Countering Donor-Dominated Philanthropy

Countering Donor Dominated Philanthropy

The Law Center submitted a public comment to the IRS last week about new federal regulations being proposed about Donor Advised Funds or DAFs. We intervened with the hopes that our perspective as a movement support organization would be a helpful counterbalance to the numerous comments from the wealth defense industry—including foundation interest groups and fund managers. Our overall message was: these funds belong to the community, not to donors. We see this intervention as harm reduction in a current context of unlimited donor control in the nonprofit sector. While our suggested changes alone would not transform philanthropy into grassroots-driven funding flows oriented towards movement solidarity, not charity, we would see it as a step in the right direction—curbing the commercial DAF industry.

[Excerpted Summary of Our Public Comment Letter:]

The Sustainable Economies Law Center cultivates a new legal landscape that supports community resilience and grassroots economic empowerment. Since 2009, we have partnered with nearly 100 local grassroots groups and offered donation-based legal advice to over 3,000 values-driven organizations. After more than a decade of advising community organizations, we realized we needed to help our partners receive more funding and on better terms from philanthropy, in order for them to address the urgent crises they were facing. In that vein, we create free legal resources and hold workshops for funders looking to boldly, ethically, and creatively redistribute their wealth.

We base these comments on our wide range of experience working with nonprofits and donors. We conclude that the current regulations do not account for a major weakness in the definition of a donor advised fund (DAF): While DAFs are supposed to be “owned and controlled by a sponsoring organization,” the regulations fail to address how little control sponsoring organizations have over DAF funds in practice. With this sleight of hand, donors treat the funds in their DAF as they would treat funds in a private foundation. Systemically, this weakness allows donors to enjoy the well-known tax and disclosure benefits of DAFs compared to private foundations, while retaining as much control as they would have over a private foundation.

The Rise of DAFs

The popularity of donor advised funds has grown dramatically in the last two decades. In 2006, DAFs had an estimated total value of $31 billion. By 2022, that number grew to $229 billion, meaning a seven-fold increase.

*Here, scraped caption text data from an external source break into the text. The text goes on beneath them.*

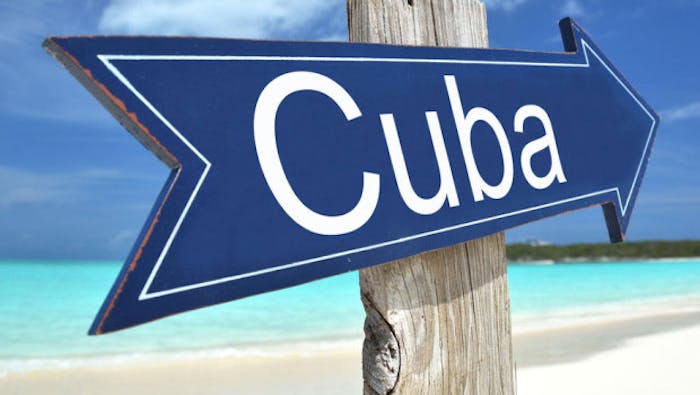 Image forTraveling to Cuba is Now Permitted by Boat!
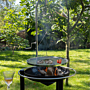 HEAT Firepit Pendal with Grill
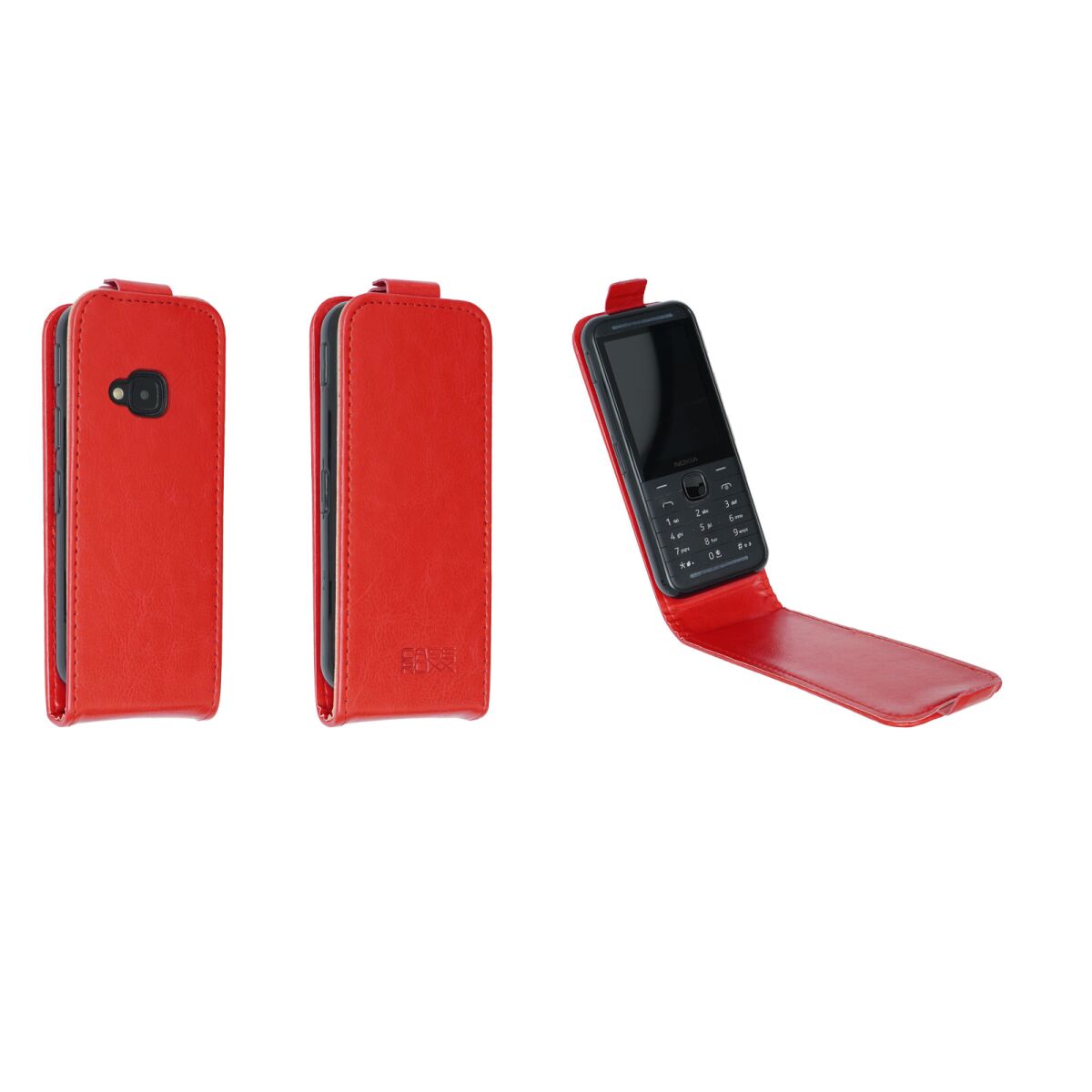 Handy-Tasche Flip Cover  Nokia 5310 (202 box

While DAFs became more popular, private foundations became less so. From 2006 to 2022, the value of private foundations assets increased from $646 billion to $1,158 billion [editor’s note: holy cow], representing less than a two-fold increase. Not only have the relative size of DAF funds grown, but donors are also contributing more to DAFs in absolute terms than they are contributing to private foundations. Donors gave nearly $86 billion to DAFs in 2022, while giving about half that amount, $45 billion, to private foundations.

Donors looking to make large gifts eligible for a charitable deduction often choose between giving to public charities and establishing a private foundation. Donors receive the following benefits if they choose to give to a DAF rather than a private foundation:

- More favorable tax deductions

- No tax on investment growth

- No mandate to payout funds annually

- No transparency requirement to disclose where you are giving

The animating logic of this legal framework is that donors may access the tax and disclosure benefits of opening a DAF account rather than a private foundation so long as the donor gives up the control that a private foundation would otherwise afford. However, the notion that the funds in a DAF are “owned and controlled by a sponsoring organization” is currently a mere legal fiction.

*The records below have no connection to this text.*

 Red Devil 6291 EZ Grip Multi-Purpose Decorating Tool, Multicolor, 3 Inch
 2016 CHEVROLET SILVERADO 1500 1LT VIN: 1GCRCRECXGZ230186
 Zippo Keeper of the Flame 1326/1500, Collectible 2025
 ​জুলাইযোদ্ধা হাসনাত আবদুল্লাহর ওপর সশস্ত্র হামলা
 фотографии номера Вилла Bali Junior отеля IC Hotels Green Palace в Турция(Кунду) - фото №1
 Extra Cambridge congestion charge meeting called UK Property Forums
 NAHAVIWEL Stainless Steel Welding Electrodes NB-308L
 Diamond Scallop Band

The Reality of Donor-Controlled DAFs

In the economic reality of the DAF industry, donors have almost exclusive control over: (a) how the funds are invested, (b) when the funds are disbursed, (c) how much of the funds are disbursed, and (d) which charities the funds go to.

This contradiction between the regulatory scheme and reality is clear even from how the largest DAF sponsoring organizations present themselves. For example, Vanguard Charitable advertises: “Support charities you believe in: Find a charity you wish to support and recommend a grant… Supporting your favorite charities is easy.” This language reflects the business model of the commercial DAF industry, which depends on donors believing that they ultimately have control over DAFs.

The problem is not just one of advertising and donor expectations; rather, it concerns the real power dynamics at play. Donors exercise all meaningful control over DAFs and sponsoring organizations only nominally “control” the funds.

Donors to many DAFs are assured an arrangement analogous to having checkbook control over a private foundation: an entity that they can manage the assets of, invest as they choose, and issue grants to the charities of their choice in the amount and timing of their liking—all without the disfavored tax treatment, payout requirements, or disclosure requirements that would come with a private foundation.

However, the logic of this legal framework suggests that if donors to DAFs do control DAF funds, then they should be treated just like donors to private foundations—namely, they should be subject to all rules that accompany being a private foundation. Donors should not be allowed to use DAFs to effectively create private foundations embedded within sponsoring organizations that are free of private foundation regulations.

The charitable impact of this discrepancy is significant, even just measured by the absence of a payout requirement for DAFs. A 2022 analysis of 57 major DAF sponsors by the California Department of Justice found that “32 percent of DAFs in commercial sponsors and 42 percent of DAFs in community foundations paid out less than 5 percent.”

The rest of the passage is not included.